Luther also feared that after his death the gospel would be threatened by controversies. Interestingly, in this context he asked whether all the theologians had unanimously signed the articles, which, as mentioned above, was not the case. Melanchthon was able to tell him only that all of them, even Blaurer, had signed the Augsburg Confession and the Wittenberg Concords.

Before leaving, the elector assured Luther that he did not need to be concerned about his wife and children: "For your wife shall be my wife, and your children shall be my children." Nevertheless, Luther was afraid that the city governor, Hans Metzsch, who was at odds with him, would take revenge upon his family. Amsdorf should look after Katy. The patient's pains were so severe that he feared he was losing his mind. He felt miserable and had to vomit.
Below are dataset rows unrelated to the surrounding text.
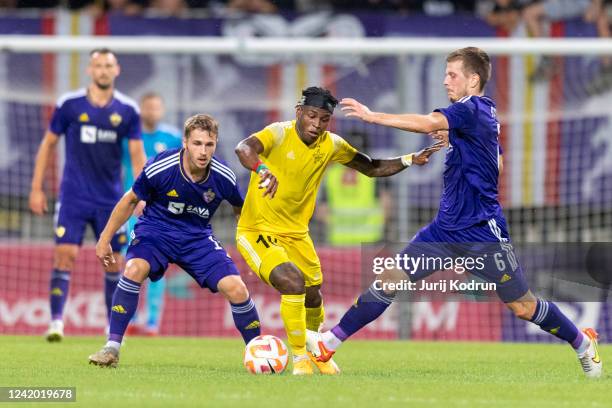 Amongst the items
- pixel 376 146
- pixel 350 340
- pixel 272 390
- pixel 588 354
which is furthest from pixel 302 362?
pixel 376 146

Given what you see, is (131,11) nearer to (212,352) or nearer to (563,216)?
(563,216)

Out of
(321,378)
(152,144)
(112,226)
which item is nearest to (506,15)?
(152,144)

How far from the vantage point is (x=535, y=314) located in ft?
28.1

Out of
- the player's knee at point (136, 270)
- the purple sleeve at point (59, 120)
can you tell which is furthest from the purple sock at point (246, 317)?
the purple sleeve at point (59, 120)

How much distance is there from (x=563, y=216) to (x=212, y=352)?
590cm

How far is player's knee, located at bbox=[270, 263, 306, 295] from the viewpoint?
8.63 meters

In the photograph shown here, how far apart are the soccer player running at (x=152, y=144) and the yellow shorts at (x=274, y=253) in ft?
13.1

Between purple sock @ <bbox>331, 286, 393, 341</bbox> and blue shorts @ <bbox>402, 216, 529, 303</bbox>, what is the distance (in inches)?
10.7

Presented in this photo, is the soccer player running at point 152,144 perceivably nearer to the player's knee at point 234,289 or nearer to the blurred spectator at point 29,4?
the player's knee at point 234,289

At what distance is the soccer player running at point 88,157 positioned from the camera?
12047 mm

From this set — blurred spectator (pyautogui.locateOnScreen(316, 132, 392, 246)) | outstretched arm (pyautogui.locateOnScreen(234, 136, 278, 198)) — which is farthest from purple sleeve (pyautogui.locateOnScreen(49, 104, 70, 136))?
blurred spectator (pyautogui.locateOnScreen(316, 132, 392, 246))

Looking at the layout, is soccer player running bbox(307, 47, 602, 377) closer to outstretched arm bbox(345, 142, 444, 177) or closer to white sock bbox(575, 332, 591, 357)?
white sock bbox(575, 332, 591, 357)

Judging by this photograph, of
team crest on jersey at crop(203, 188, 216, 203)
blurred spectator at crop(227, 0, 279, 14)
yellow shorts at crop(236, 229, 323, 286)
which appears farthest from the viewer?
blurred spectator at crop(227, 0, 279, 14)

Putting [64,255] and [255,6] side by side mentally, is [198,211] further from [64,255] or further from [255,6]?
[255,6]
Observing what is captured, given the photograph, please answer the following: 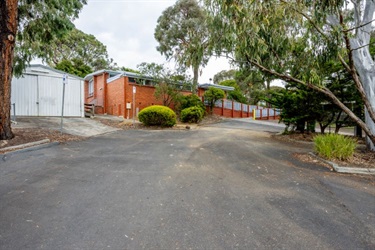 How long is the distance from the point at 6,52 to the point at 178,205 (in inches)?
295

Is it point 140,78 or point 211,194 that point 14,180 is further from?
point 140,78

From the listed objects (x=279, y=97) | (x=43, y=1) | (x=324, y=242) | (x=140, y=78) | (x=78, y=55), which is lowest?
(x=324, y=242)

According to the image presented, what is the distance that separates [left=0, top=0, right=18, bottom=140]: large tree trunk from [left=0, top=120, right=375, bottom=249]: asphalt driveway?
1.97 metres

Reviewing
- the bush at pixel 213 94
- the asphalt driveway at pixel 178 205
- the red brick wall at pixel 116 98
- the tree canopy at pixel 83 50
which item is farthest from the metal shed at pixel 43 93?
the tree canopy at pixel 83 50

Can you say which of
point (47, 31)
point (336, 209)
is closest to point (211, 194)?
point (336, 209)

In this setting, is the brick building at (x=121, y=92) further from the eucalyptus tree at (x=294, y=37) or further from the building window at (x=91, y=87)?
the eucalyptus tree at (x=294, y=37)

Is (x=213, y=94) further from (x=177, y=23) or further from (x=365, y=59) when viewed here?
(x=365, y=59)

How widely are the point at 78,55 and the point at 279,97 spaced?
94.5 ft

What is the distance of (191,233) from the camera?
2492 millimetres

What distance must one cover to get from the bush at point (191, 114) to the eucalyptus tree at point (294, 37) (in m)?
9.00

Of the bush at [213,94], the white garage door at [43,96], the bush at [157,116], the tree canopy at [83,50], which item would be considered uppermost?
the tree canopy at [83,50]

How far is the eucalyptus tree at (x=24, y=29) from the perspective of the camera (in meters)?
6.60

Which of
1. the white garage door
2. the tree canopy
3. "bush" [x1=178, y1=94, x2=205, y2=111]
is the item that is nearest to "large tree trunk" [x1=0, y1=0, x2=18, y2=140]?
the white garage door

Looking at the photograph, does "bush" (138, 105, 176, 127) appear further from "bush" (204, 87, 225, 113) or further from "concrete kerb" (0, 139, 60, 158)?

Like Stephen, he felt he was being "stoned." But he held fast: "God still remains wise and Christ, my Lord, my wisdom and God." They should stop praying for him in the churches. God had now been "prayed, importuned, and cried to" enough. God would do the right thing. If Luther surrendered to the devilish pain, Christ would take revenge upon him. In this trust he commended his soul to God.

For the trip a copper basin was specially prepared so that towels could be heated and applied to the patient while traveling. When Luther entered the wagon, he made the sign of the cross and wished those standing around: "The Lord fill you with his benediction and with hatred of the pope." In his deathly illness Luther was aware of the significance of this final unreconciled word. The legate apparently assumed that Luther was already dead and had been taken away secretly. He therefore sent his servant to find out if this were so, but Schlaginhaufen prevented him from seeing Luther: "You will not see Luther in eternity." Bugenhagen, Spalatin, Myconius, Schlaginhaufen, and Dr. Sturtz accompanied the patient. Two men walked beside the wagon in order to moderate the discomfort of the trip on the poor road. Possibly, it was this jolting that saved Luther's life. The trip was excruciating, however.